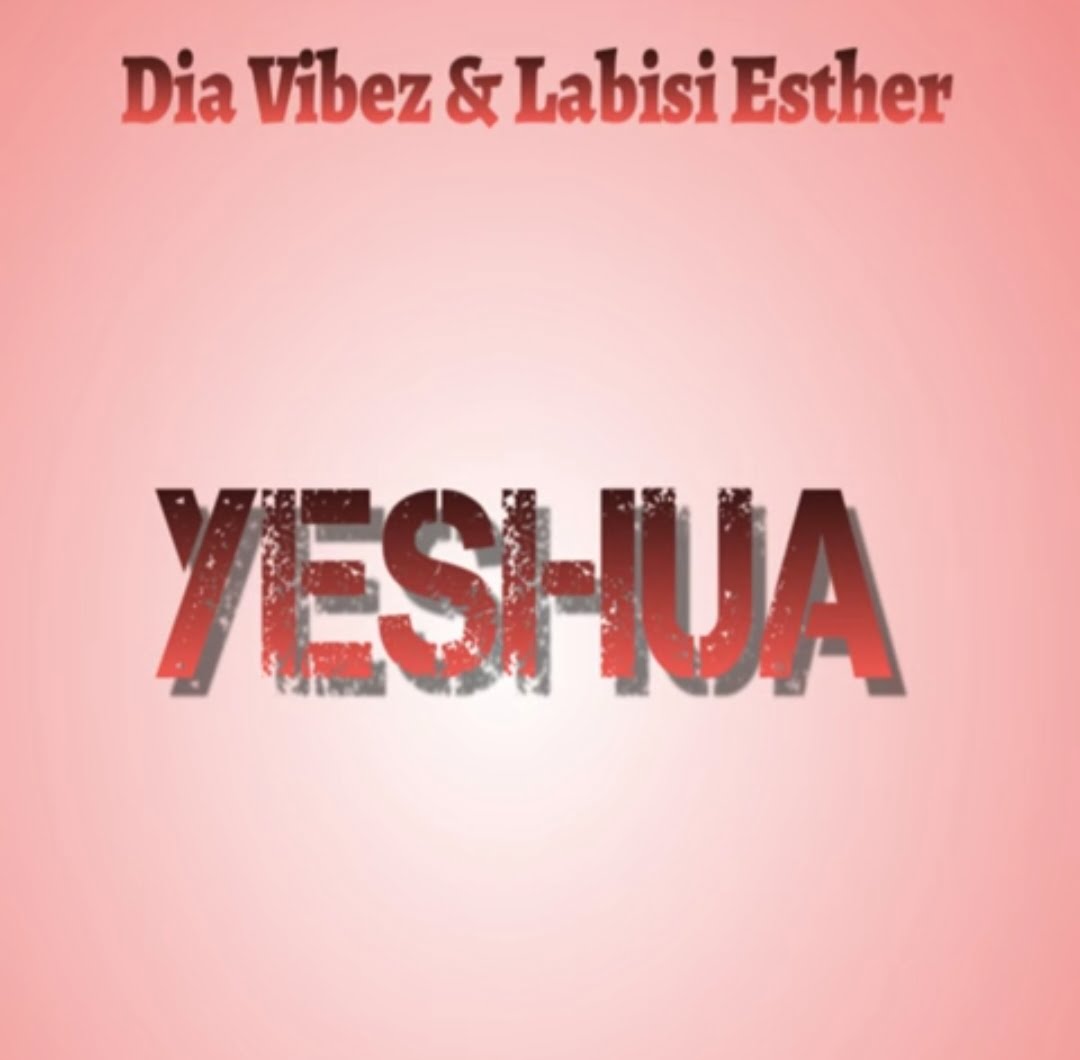 Dia Vibez & Labisi Esther  – Yeshua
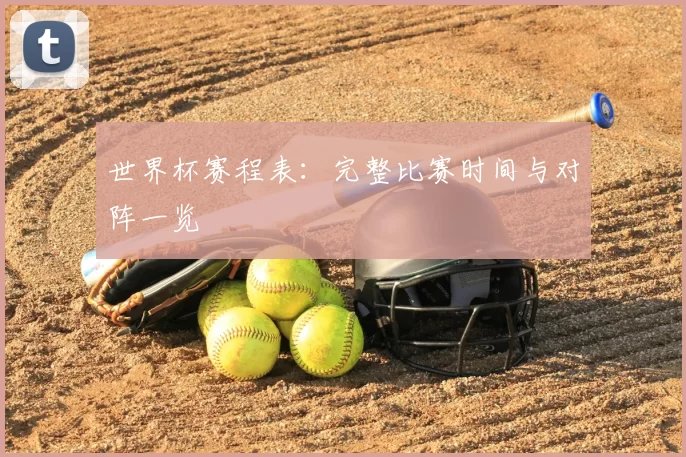 世界杯赛程表:完整比赛时间与对阵一览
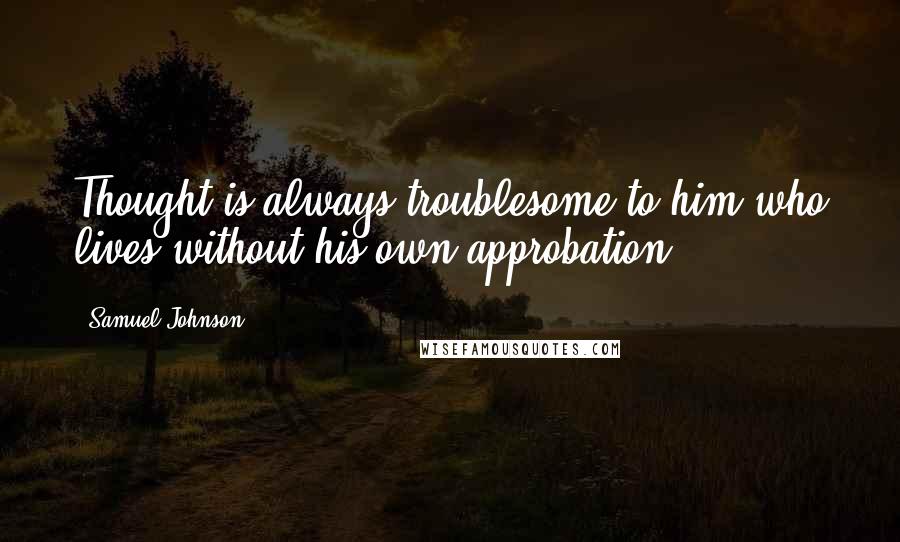 Samuel Johnson Quotes: Thought is always troublesome to him who lives without his own approbation.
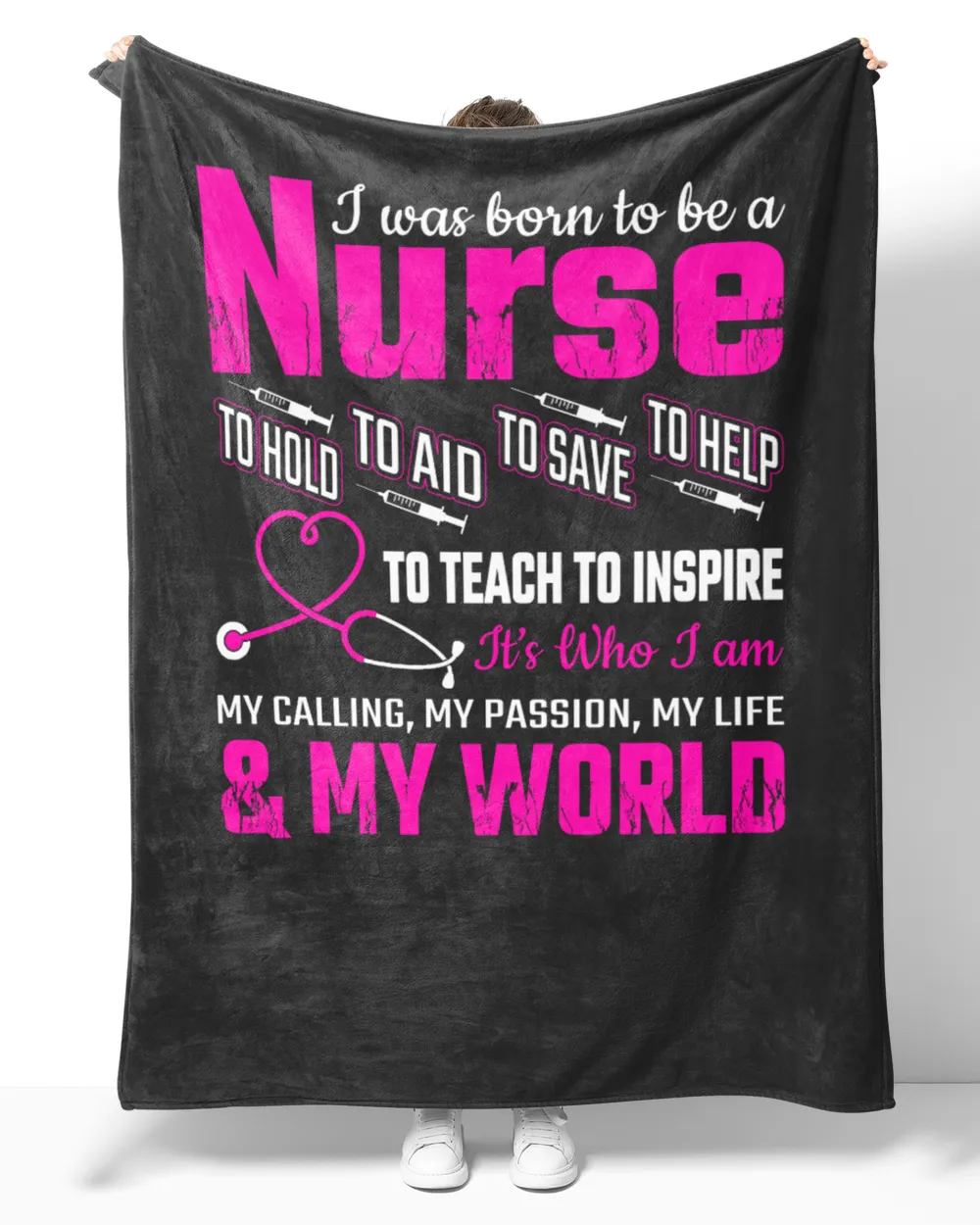 Nurse Day I Was Born To Be A Nurse To Hold To Aid To Save To Help To Teach To Inspire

WHAT YOU SHOULD DO
In your answer, copy exactly the lines running from the line with "Samuel Johnson Quotes: Thought" to the end of the material above, both included, and omit all pictures.

SOLUTION FOR THIS PROBLEM
 Samuel Johnson Quotes: Thought is always troublesome to him who lives without his own approbation.
 Nurse Day I Was Born To Be A Nurse To Hold To Aid To Save To Help To Teach To Inspire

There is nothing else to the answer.